Aufgrund des venezolanischen Außenhandels- und Leistungsbilanzüberschusses sollten die Währungsreserven der Zentralbank natürlich höher ausfallen und sich schnell angehäuft haben. Im letzten Jahr ging jedoch der Großteil, wenn nicht sogar die Gesamtheit des Leistungsbilanzüberschusses ans Ausland verloren. Einen Anteil dazu trägt Kapitalflucht bei, obwohl nicht genau gesagt werden kann, in welchem Ausmaß dies stattfand. Jene Kapitalflucht droht allerdings nicht, eine Zahlungsbilanzkrise zu verursachen, zumal das Land über angemessene Währungsreserven verfügt. Dennoch wäre es aus einer Anzahl von Gründen vorteilig, wenn die Regierung den Betrag des Geldes, welches ins Ausland abfließt, reduzieren könnte. Teilweise könnte dies durch wirksamere Devisenkontrollen erreicht werden, viele Länder verfügen über effektivere Kapitalverkehrskontrollen als Venezuela.
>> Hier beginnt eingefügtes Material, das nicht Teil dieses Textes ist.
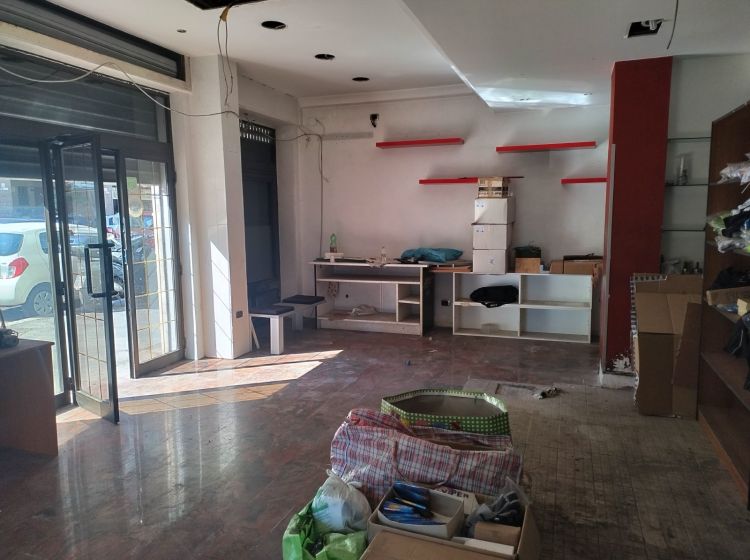 Negozio in affitto, via dei Traghetti  40, Lido di Ostia, Roma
Theoretisch sollten Devisenkontrollen in Venezuela mit geringerem Aufwand zu handhaben sein als in anderen Staaten, da auf die Regierung mehr als 90 Prozent der Einkünfte aus dem Devisengeschäft entfallen. Zum Teil ist dies ein administratives Problem: Eine Regierung muss unter verschiedenen Akteuren, darunter Steuer- und Zollbehörde, sowie der Zentralbank, koordinieren und Kapazitäten aufbauen, um sicherzustellen, dass Personen, die sich Devisen aneignen, dies aus berechtigten Gründen tun, etwa für Importe, und nicht, um Geld außer Landes zu schaffen. Der größte Teil des Problems ist politischer Natur: Personen und Institutionen sind in der Lage aus politischen Gründen, Geld ins Ausland zu bringen. Dies ist typisch für Staaten, die sich in einem polarisierten politischem Klima befinden. Diejenigen Personen, die über den größten Wohlstand und das höchste Einkommen des Landes verfügen – dazu zählt auch die Mehrzahl der Medien – sind häufig oppositionell gegenüber der Regierung eingestellt. Es ist nicht schwer, der Regierung abgeneigte und misstrauische Menschen davon zu überzeugen, ihr Geld ins Ausland zu verfrachten, besonders wenn die meisten Medien eine solche Auffassung befördern. (Die Regierung besitzt zwar einige Fernsehsender, doch liegt deren Zuschaueranteil lediglich bei fünf bis acht Prozent und höchstwahrscheinlich sind diese Zuschauer nicht den oberen Einkommensgruppen hinzuzurechnen).13 Sofern Haushalte und Unternehmen, die den Großteil der heimischen Ersparnisse besitzen, aus politischen Gründen oder aus Besorgnis aus der Inlandswährung flüchten wollen und dies auch tun können, werden etliche Dollar das Land verlassen.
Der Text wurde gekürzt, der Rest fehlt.